** Opening SOURCE MATERIAL block **

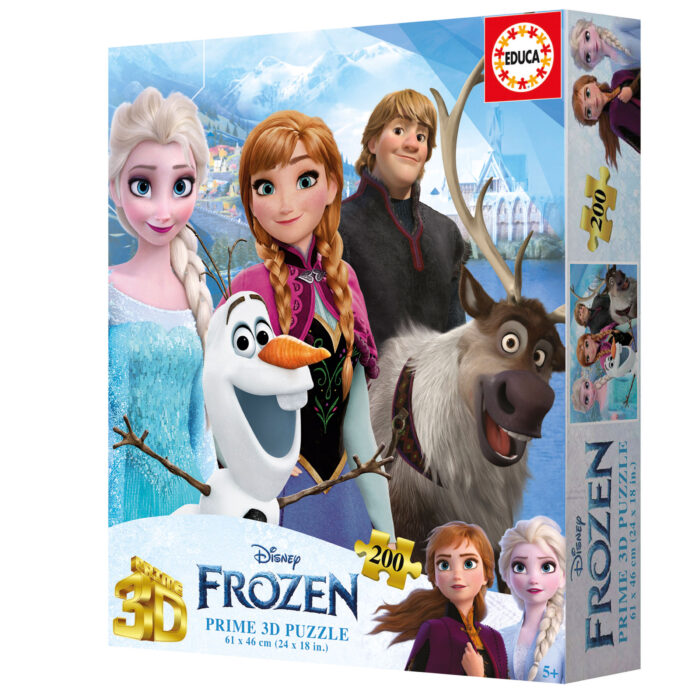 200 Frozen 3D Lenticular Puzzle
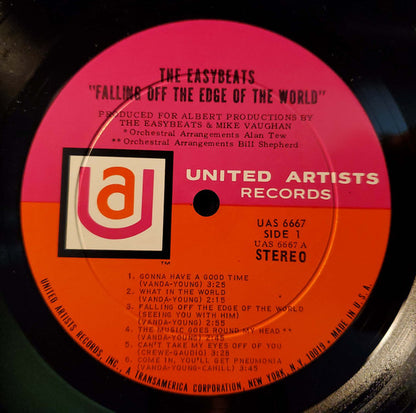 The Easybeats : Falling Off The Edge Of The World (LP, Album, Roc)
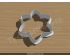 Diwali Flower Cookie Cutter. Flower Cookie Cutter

** Closing SOURCE MATERIAL block **

Before handing back the copy, remove the pictures; otherwise print the data exactly.

**RESPONSE TO THIS TASK:**
 200 Frozen 3D Lenticular Puzzle
 The Easybeats : Falling Off The Edge Of The World (LP, Album, Roc)
 Diwali Flower Cookie Cutter. Flower Cookie Cutter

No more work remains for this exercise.